1976年12月の初来日での模様を収録した,オフィシャル・ライブ・アルバム 『 On Stage (レインボー・オン・ステージ) 』 を,1977年7月にリリースした レインボー(Rainbow)は,このアルバムのプロモーションも兼ねて 1977年9月から 「 On Stage Tour 」 と銘打ったツアーを開始し,1976年12月の初来日から,ほぼ一年後の1978年1月に,ツアーの一環として,2度目の来日を果たします.

 1978年の再来日では,1月11日名古屋市公会堂公演を皮切りに,17公演が予定されていましたが,不幸にも,ツアー中盤に当たる,1月27日札幌は中島スポーツ・センター公演で死亡者(前に雪崩れ込んだ観客により,下敷きになった19歳の女子大生が圧死)が出るアクシデントがあり,またその煽りで,2月1日の金沢厚生年金会館公演が中止となる等,後味の悪い来日公演となってしまいました.
 また,この死亡事故に伴い,その後のロック・コンサート会場の警備体制を大きく変更されることとなりました.

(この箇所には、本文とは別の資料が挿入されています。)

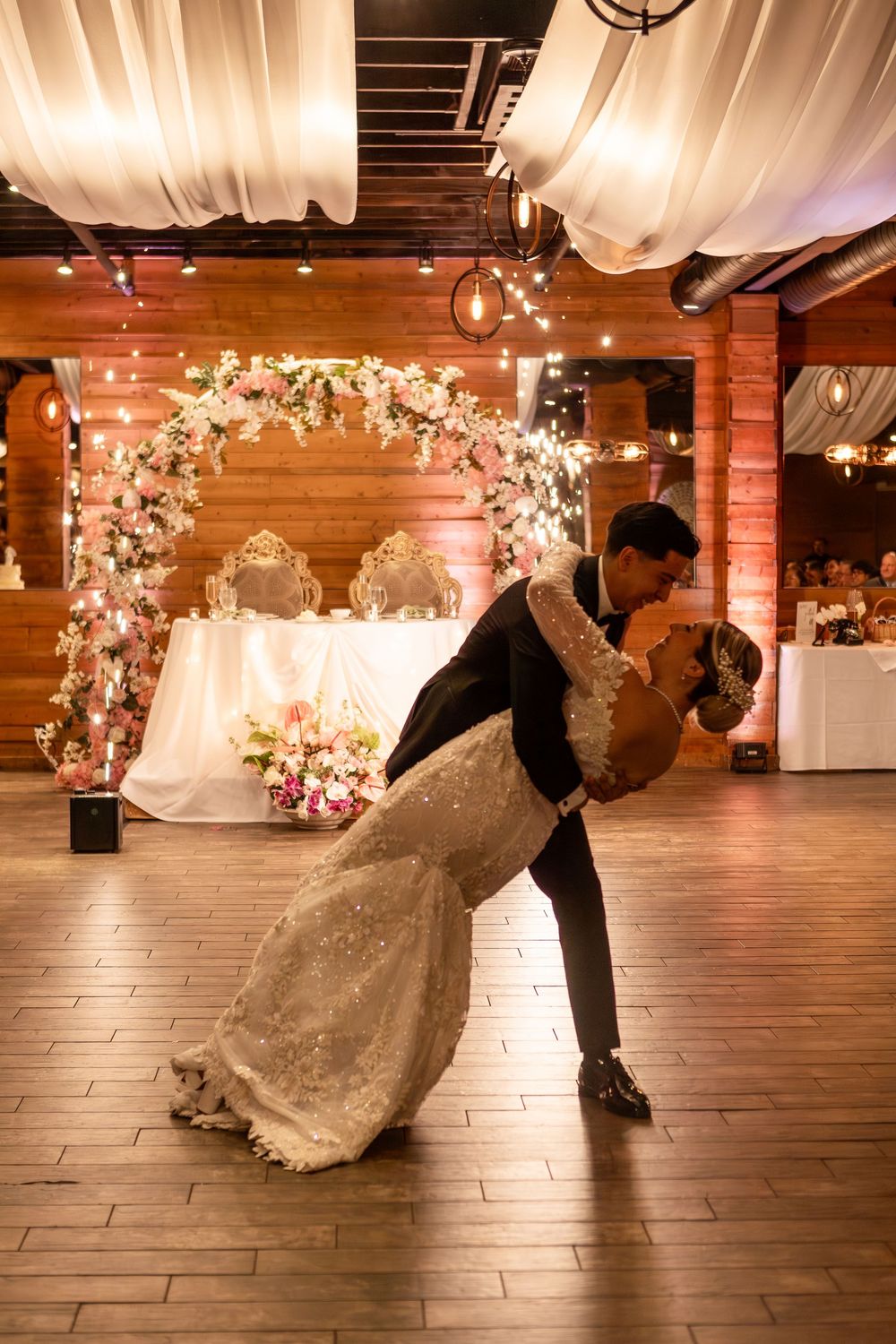 A couple performs a romantic dip dance move in a rustic venue decorated with floral arches and white draping.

 本CDは,上述の 1月27日北海道は札幌市の中島スポーツ・センター公演の 2種類のオーディエンス録音を収録し Rising Arrowレーベルからリリースされた 『 Cold Winter (Rising Arrow-017) 』 です.
 リリース当時には,私的にブート収集を中断していた関係で所有しておらず,今回の 10セットのみ再入荷との告知により購入しました.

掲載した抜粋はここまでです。